August 14, 2014 - 11:31 AMT
PanARMENIAN.Net - The world's biggest maker of personal computers, Lenovo, has seen a 23% jump in net profit as laptop sales outperformed industry average, according to BBC News.
For the three months to June, net profit rose to $214mln. Revenue in the same quarter jumped 18% from the previous year to $10.4bn.
Lenovo's core business lies in personal computers and accounts for 49% of total revenue in the quarter to June. Laptop sales rose 12% in that period, when the industry was in a downturn.
Lenovo said the PC industry saw a 3.7% decline in laptop shipments for the three months to June, when compared to the same period last year.
The latest figures indicate Lenovo has maintained its status as market leader for PCs, with a higher global market share of nearly 20% when compared to last year.
In a statement which accompanied the earnings release, Lenovo Chairman Yuanqing said: "This has been a quarter of milestones for Lenovo - record PC share, a number three ranking in worldwide tablets for the first time and an even stronger number four global smartphone position."
Lenovo has been making moves to diversify away from the shrinking global PC market. Its "Mobile Device Business" includes smartphones and tablets.
For the first time ever, the company said it had sold more smartphones than PCs, with a record volume of 15.8 million units. That is a 39% gain from the previous year.
Yang also said: "As the PC industry recovers, the smartphone market continues its shift from premium to mainstream, and our acquisitions of Motorola Mobility and IBM x86 proceed toward completion, we see even more opportunity to keep growing rapidly.
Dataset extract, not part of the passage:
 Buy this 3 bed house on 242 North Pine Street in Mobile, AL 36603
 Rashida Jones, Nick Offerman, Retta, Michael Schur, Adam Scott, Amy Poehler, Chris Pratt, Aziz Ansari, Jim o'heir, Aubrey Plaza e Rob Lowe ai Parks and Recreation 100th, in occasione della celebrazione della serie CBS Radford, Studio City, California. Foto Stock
Lenovo continues to outperform the market and meet our commitments to improve profitability in our core businesses, while building strong pillars for future growth across our entire portfolio."
The company has been on an acquisition spree. Earlier this year it struck a deal to acquire IBM's low-end server unit.
Lenovo is also in the process of acquiring Motorola's handset business from Google.
Both deals are awaiting regulatory approval, which analysts say could come as early as the third quarter of this year.